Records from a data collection
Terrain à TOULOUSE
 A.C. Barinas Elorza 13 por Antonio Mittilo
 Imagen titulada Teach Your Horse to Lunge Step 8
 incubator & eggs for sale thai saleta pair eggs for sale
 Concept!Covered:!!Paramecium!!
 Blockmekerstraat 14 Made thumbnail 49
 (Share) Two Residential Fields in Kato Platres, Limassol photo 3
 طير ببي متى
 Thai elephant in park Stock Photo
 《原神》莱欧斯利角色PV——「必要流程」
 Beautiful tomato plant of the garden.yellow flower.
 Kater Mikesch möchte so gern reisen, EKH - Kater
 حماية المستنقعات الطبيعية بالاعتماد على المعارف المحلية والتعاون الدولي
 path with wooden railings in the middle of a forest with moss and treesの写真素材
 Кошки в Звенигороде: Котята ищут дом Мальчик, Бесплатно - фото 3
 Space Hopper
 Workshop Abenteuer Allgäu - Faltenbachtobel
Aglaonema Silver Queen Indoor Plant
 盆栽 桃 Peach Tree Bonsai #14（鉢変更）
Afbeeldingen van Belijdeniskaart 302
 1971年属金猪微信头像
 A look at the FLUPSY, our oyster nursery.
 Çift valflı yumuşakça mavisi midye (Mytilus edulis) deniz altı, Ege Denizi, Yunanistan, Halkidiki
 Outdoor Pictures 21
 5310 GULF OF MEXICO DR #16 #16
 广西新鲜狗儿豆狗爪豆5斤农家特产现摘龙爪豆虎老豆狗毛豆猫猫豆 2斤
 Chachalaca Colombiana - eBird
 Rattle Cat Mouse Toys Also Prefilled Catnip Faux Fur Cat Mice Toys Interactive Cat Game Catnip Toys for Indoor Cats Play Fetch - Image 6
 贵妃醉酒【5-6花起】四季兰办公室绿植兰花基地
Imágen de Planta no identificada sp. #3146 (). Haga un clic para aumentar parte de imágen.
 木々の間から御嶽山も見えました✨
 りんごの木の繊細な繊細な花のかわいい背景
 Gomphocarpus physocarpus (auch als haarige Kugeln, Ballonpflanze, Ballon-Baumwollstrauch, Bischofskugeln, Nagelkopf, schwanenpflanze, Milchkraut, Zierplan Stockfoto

[TASK]
Would you print, exactly as written, every line above from the one holding "طير ببي متى" through the one holding "حماية المستنقعات الطبيعية", with both included and no other lines?

[PROBLEM SOLUTION]
 طير ببي متى
 Thai elephant in park Stock Photo
 《原神》莱欧斯利角色PV——「必要流程」
 Beautiful tomato plant of the garden.yellow flower.
 Kater Mikesch möchte so gern reisen, EKH - Kater
 حماية المستنقعات الطبيعية بالاعتماد على المعارف المحلية والتعاون الدولي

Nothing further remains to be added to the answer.